Note the English transaltion of the problem is a bit misleading: the problem actually means for each city’s traveller, either all on the same segment, or none selected at all, i.e., impossible to have case where some people are going to city x while some won’t

This means that we will have the cascading effect, i.e, we need to merge all overlapping [l, r] segments until there is no overlapping one, if we ever want to pick one city in the overlapping segments

after that we can just do a brute force DP, for each r that is an end, look for all start l, can calculate the XOR, and update the DP result.

808D: Array Division

since all numbers are positive, we can calculate the prefix sum, and then for each number, we look for (half of total) + that number , see if there exists one such prefix sum.
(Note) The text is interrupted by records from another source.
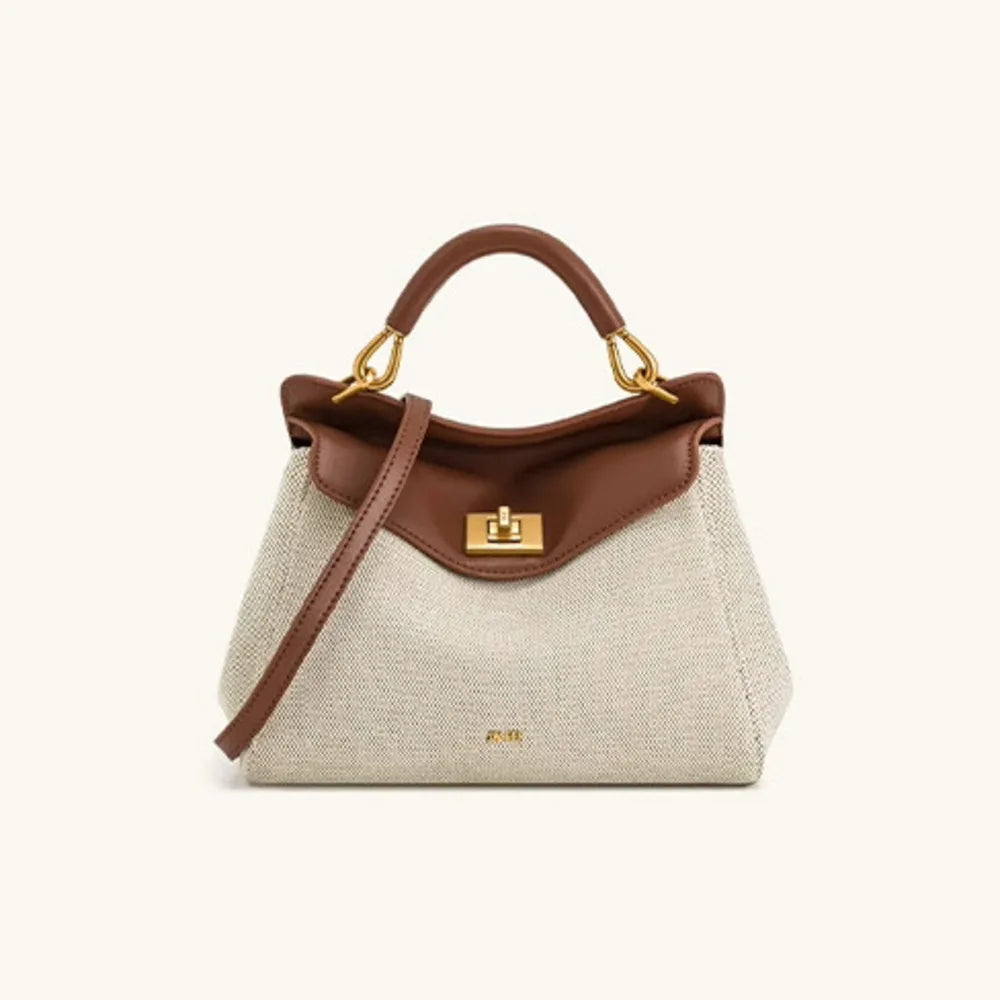Lucia Lock PU Croco Shoulder Crossbody Bag – Luxury Light Fashion Tote for Women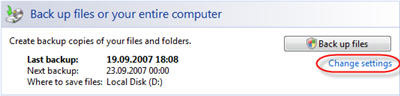 Picture 11 of Backup data in Windows Vista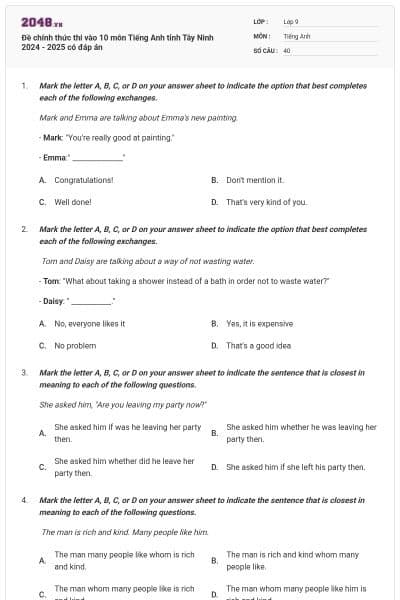 Đề chính thức thi vào 10 môn Tiếng Anh tỉnh Tây Ninh 2024 - 2025 có đáp án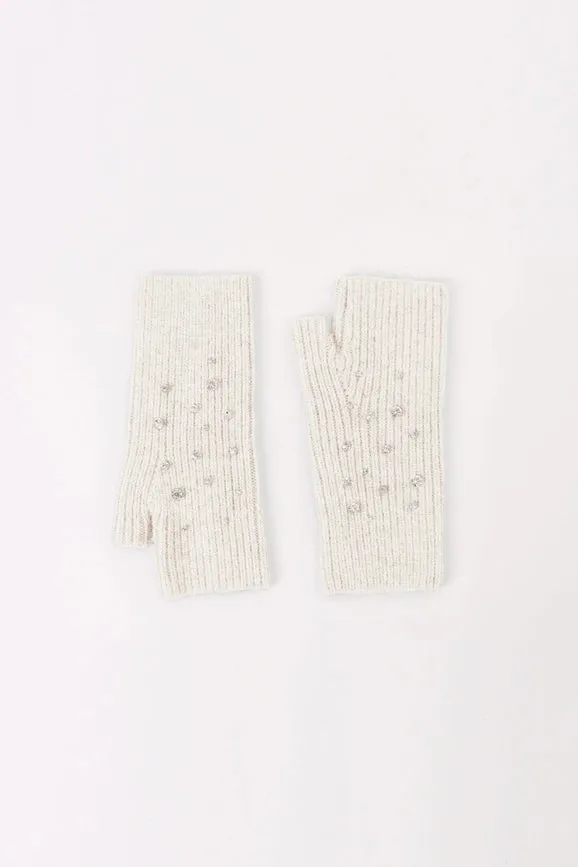 Crystal Embellished Angora Mittens - Ivory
807D: Dynamic Problem Scoring(!!!)

What I did wrong

I was trying to brute force search on the final band of problems, but realize that one new account will affect the band of ALL past problems bands!!!

Insights

  1. From a new account, implementation wise, we don’t need to submit wrong answers at all, since only the total account number matters

  2. For each problem, we either need increase its good rate or lower good rate

  3. Consider the case when we only need to increase the good rate. To minimize number of accounts created, each account should submit right to as many problems as possible, so as to improve the pass rate of multiple questions, e.g., we can do better with one account submit right to two problems than two accounts each submit to one??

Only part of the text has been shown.